Dortmund muss direkt nach der Länderspielpause bei den Münchnern antreten. Spätestens dann wird sich entscheiden, was von der langen Serie ohne Niederlagen zu halten ist, die saisonübergreifend schon 19 Spiele andauert, vom 2:3 bei der Klub-WM gegen Real Madrid einmal abgesehen. Leipzig hatte in München vor einigen Wochen eine 0:6-Abreibung bekommen, hat sich aber seither enorm verbessert.

BVB-Stürmer Guirassy zeigt schon Anzeichen von Überspieltheit – am sechsten Spieltag

Die Dortmunder Offensive tat sich jedenfalls bis auf wenige, kurze Spielabschnitte schwer. Kovac rotierte erneut stark wie schon gegen Bilbao, und beim Startelfpuzzle legte er dieses Mal eher Wert auf die Vorsicht. Seine spielerisch ideenreichsten Akteure, Julian Brandt und Pascal Groß, ließ er lang draußen. Und so fiel auf, dass Felix Nmecha, Marcel Sabitzer oder auch Maximilian Beier selten Akzente setzen konnten, die den flexibel gleitenden Abwehrverband von Werners Mannschaft in Verlegenheit gebracht hätten. Die Balance will Kovac augenscheinlich nicht zugunsten der Offensive verlagern.

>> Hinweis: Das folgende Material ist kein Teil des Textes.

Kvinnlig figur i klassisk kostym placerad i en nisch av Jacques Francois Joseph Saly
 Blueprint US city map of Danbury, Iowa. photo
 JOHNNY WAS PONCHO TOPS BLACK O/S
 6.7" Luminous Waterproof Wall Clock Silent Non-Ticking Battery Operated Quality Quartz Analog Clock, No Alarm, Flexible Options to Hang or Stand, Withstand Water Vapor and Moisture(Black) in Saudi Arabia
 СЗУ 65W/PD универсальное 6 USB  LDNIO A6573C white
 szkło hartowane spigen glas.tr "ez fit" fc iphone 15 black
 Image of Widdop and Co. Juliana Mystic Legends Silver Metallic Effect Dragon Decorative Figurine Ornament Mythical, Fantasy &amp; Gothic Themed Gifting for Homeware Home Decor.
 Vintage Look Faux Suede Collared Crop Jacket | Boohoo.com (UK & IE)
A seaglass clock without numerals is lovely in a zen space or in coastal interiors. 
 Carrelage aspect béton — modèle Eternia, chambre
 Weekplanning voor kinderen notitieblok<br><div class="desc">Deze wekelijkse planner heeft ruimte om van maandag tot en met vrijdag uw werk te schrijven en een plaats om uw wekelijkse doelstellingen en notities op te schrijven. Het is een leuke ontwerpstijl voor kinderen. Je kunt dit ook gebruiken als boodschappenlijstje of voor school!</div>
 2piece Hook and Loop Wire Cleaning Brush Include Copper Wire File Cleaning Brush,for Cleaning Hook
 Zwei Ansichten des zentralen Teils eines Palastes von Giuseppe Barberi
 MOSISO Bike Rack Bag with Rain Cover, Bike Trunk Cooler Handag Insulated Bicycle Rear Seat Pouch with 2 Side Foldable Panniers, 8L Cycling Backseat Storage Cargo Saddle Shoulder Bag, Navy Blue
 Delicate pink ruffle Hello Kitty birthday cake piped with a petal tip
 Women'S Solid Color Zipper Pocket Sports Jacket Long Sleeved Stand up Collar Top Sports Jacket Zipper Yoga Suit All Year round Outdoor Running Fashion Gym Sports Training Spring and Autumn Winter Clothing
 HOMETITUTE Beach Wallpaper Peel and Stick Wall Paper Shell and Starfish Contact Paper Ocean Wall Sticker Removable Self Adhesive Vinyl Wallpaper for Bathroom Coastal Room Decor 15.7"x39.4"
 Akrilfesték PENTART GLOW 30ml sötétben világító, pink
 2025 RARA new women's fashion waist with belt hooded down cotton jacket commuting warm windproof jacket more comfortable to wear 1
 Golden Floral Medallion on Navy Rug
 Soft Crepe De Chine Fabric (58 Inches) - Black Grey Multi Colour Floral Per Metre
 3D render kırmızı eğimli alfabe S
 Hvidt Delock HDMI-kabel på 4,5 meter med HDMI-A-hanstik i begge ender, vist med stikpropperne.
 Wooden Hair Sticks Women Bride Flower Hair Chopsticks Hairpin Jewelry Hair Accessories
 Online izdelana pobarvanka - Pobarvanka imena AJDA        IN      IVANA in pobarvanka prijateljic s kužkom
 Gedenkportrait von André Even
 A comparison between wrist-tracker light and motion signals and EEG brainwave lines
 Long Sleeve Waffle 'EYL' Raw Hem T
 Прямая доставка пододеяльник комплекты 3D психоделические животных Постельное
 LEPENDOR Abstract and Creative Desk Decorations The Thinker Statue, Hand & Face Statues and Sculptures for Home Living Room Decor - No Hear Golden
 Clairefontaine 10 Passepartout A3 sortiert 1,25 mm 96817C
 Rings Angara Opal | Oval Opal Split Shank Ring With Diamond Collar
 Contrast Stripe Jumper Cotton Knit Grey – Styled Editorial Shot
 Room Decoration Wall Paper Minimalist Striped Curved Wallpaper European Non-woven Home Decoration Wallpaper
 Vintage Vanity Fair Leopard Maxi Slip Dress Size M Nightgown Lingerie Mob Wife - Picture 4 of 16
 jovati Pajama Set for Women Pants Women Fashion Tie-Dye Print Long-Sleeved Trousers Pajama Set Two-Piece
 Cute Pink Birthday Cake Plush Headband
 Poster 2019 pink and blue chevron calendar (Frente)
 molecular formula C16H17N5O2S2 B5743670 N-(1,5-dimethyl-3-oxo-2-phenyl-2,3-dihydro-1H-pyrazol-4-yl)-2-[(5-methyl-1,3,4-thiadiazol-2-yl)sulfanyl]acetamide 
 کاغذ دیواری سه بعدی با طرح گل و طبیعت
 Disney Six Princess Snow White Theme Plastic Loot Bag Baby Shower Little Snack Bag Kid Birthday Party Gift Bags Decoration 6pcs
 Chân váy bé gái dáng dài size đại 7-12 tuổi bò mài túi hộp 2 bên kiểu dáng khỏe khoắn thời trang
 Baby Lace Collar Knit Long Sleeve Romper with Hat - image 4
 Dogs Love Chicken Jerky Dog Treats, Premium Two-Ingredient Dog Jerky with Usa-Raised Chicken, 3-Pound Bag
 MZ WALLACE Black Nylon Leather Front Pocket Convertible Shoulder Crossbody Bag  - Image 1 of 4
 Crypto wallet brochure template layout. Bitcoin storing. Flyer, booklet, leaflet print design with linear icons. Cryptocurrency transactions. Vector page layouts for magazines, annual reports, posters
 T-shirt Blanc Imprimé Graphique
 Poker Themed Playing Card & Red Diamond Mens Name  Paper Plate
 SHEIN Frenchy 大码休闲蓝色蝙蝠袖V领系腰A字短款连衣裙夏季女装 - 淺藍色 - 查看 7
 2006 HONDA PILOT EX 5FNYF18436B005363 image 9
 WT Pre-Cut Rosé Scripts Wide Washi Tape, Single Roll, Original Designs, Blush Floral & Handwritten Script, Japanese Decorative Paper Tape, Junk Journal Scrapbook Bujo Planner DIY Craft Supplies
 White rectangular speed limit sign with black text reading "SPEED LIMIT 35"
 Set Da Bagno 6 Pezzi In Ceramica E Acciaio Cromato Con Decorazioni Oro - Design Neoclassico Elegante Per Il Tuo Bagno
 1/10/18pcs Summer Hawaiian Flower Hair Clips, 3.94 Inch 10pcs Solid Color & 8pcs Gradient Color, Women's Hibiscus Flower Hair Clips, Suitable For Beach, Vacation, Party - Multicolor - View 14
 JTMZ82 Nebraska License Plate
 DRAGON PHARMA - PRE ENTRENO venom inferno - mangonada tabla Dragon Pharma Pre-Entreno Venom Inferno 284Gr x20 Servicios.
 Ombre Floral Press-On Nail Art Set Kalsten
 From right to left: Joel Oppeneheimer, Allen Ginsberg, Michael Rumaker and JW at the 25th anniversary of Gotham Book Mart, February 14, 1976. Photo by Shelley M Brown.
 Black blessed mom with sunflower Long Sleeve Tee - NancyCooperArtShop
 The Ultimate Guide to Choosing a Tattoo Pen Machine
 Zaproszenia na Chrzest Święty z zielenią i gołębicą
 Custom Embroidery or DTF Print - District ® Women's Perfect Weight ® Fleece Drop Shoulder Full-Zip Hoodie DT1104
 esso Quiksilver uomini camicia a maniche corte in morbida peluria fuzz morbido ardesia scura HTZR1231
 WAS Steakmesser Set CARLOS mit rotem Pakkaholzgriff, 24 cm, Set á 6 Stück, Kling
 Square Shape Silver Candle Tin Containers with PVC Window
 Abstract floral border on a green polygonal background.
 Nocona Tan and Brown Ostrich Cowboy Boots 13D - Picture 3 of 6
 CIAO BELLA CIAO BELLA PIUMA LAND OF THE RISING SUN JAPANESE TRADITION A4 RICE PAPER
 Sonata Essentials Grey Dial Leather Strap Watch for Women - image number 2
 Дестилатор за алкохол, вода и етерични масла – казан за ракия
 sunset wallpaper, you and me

Der sonst oft als Alleinunterhalter fungierende Serhou Guirassy fiel erneut kaum auf. Kovac entschuldigte seinen offenbar überlasteten Torjäger mit dessen Überspieltheit beim BVB, in der Nationalmannschaft und dessen nicht auskurierten Oberschenkel-Blessur. Aber etwas Besseres als den sichtlich stumpfen Guirassy konnte er nicht aufbieten. „Ich bin mit Serhou immer zufrieden“, sagte Kovac schmunzelnd. Wenn Guirassy allerdings im Zentrum keine besonderen Knalleffekte entwickeln kann, erweist sich der Rest der Offensive schnell als zu wenig zwingend. Jedenfalls gegen das Niveau von Leipzig.

Beiden Stellenbewerbern um die Bayernjägerschaft waren Disziplin, Kampfkraft, Organisation nicht abzusprechen. Aber beide offenbarten auch, dass sie derzeit nicht die Strahlkraft haben, wirklich jedes Spiel zu gewinnen – wie es bei den Münchnern mit großer Selbstverständlichkeit der Fall ist. Kovac gab seiner Mannschaft erst einmal frei, und auch für das kommende Wochenende wird der bei Dortmund verbliebene Rest eine Art Kurzurlaub einlegen. 13 Spieler sind mit ihren Nationalmannschaften unterwegs, drei Profis sind körperlich zu angeschlagen, um ernsthaft zu trainieren (Emre Can, Julien Duranville, Aarón Anselmino). „Am liebsten wäre mir“, scherzte Kovac nachher, „wenn alle mal eine Pause hätten und den Kopf frei bekämen.“ Dabei sind gerade einmal sechs Bundesliga-Spieltage passé.